HDFS Write exception running Storm JUnit test

Contributor

I am trying to run a Storm unit test from within my Eclipse environment that writes to HDFS in my Sandbox VM. The graph runs fine but at the end I am getting the following exception:

File /tmp/cdr_storm/hdfsWriter-2-0-1462816860314.txt could only be replicated to 0 nodes instead of minReplication (=1).  There are 1 datanode(s) running and 1 node(s) are excluded in this operation.

This makes sense as there is only one data node in the Sandbox. I don't see a minReplication setting in HDFS or in the HdfsBolt. I am guessing the HdfsBolt client is trying to write the block to 3 total locations but as there is only 1, it runs into the above error. Is this a setting in the client or in the HDFS service and how can I override this to work in my (limited) development environment?

3 REPLIES 3

Mentor

You can set replication factor on the sandbox globally. I once spoke to Sandbox team to enable it by default. There is no reason to have RF set to 3.

Contributor

Thanks Artem. I tried tuning down the replication factor in the Sandbox HDFS but didn't make a difference. I believe the issue I am facing here is related to the HCC question posted here, however I've opened the necessary port on my Sandbox VM and now I'm trying to figure out how I can pass the referenced configuration "dfs.client.use.datanode.hostname" into the HdfsBolt.

It means that your hdfs-client couldn't connect to your datanode with 50010 port. As you connected to hdfs namenode, you could got a datanode's status. But, your hdfs-client would failed to connect to your datanode.

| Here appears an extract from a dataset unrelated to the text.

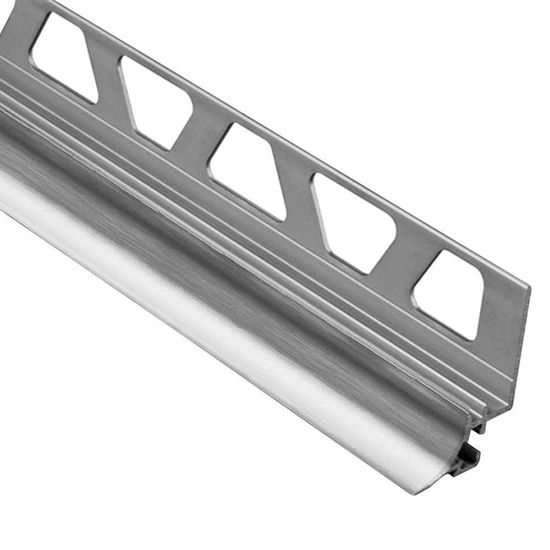 DILEX-AHKA Cove-Shaped Profile with 3/8" Radius - Aluminum Anodized Brushed Chrome 9/16" x 8' 2-1/2"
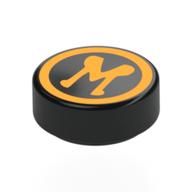 Деталь LEGO Tile Round 1 x 1 with Bright Light Orange Circle, 'M' print, Черный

(In hdfs, a namenode manages file directories, and datanodes. If hdfs-client connect to a namnenode, it will find a target file path and address of datanode that have the data. Then hdfs-client will communicate with datanode. (You can check those datanode uri by using netstat. because, hdfs-client will be trying to communicate with datanodes using by address informed by namenode)

I solved that problem by:

  1. opening 50010 port in a firewall.
  2. adding propertiy "dfs.client.use.datanode.hostname", "true"
  3. adding hostname to hostfile in my client PC.

I'm sorry for my poor English skill.